Years ago, a colleague recommended me the book “A Vida Modo de Uso” by the Frenchman Georges Perec, winner of the prestigious Médicis prize in 1978. To say that I was fascinated would be an understatement. The meticulous, obsessive way in which Perec describes down to the last detail the contents –furniture, decorations, accessories– and the stories of the rooms of a Parisian building, to construct a vertiginous puzzle of the lives and thoughts of its residents, could not be most unlike anything I’ve read before (or since).
What I didn’t know at the time was that the structure of this remarkable work is based on an ancient and famous mathematical problem. Perec conceives the building as a “board”, consisting of ten rooms on each of the ten floors, and makes his narrative move on this board according to the movement of the knight in chess: two squares in one direction and one in the orthogonal direction. Thus, the book contains a solution to the problem of the horse walking on a board with ten rows and ten columns.
I told you last week that this problem – how to move a knight over all the squares on the chessboard without going through the same square twice – dates back to the 9th century in India. In the West, the first to study it systematically was Leonhard Euler, in 1759. He found a method to calculate solutions and realized that they exist in large numbers.
In 1823, the German HC von Warnsdorf proposed a heuristic rule for calculating solutions: at each step, the knight must be moved to the “least promising” accessible square, the one from which the number of moves available in the next step will be smaller. This method is quite efficient and was computationally implemented in 1984.

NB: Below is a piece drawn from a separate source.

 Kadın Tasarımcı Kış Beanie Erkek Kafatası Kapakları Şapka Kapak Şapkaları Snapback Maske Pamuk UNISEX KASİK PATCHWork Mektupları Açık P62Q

We need not stick to the usual eight-by-eight chess board: the problem has also been studied for general rectangular boards, with any number of rows and columns. In 1991, the American A. Schwenk characterized which boards have horse rides. In particular, we know that such walks always exist if the row and column numbers are both greater than four. In addition, in this case there are closed tours, that is, that return to the starting square, provided that the number of squares on the board is even.
Thus, the “curious problem” that caught Euler’s attention more than 250 years ago continues to drive scientific progress. Among recent advances is the use of artificial intelligence to find horse rides efficiently. The idea is to use neural networks in which each possible movement of the horse is represented by a “neuron”. The network can then be trained to activate neurons that form a solution and deactivate others. Such algorithms can be applied in several practical problems.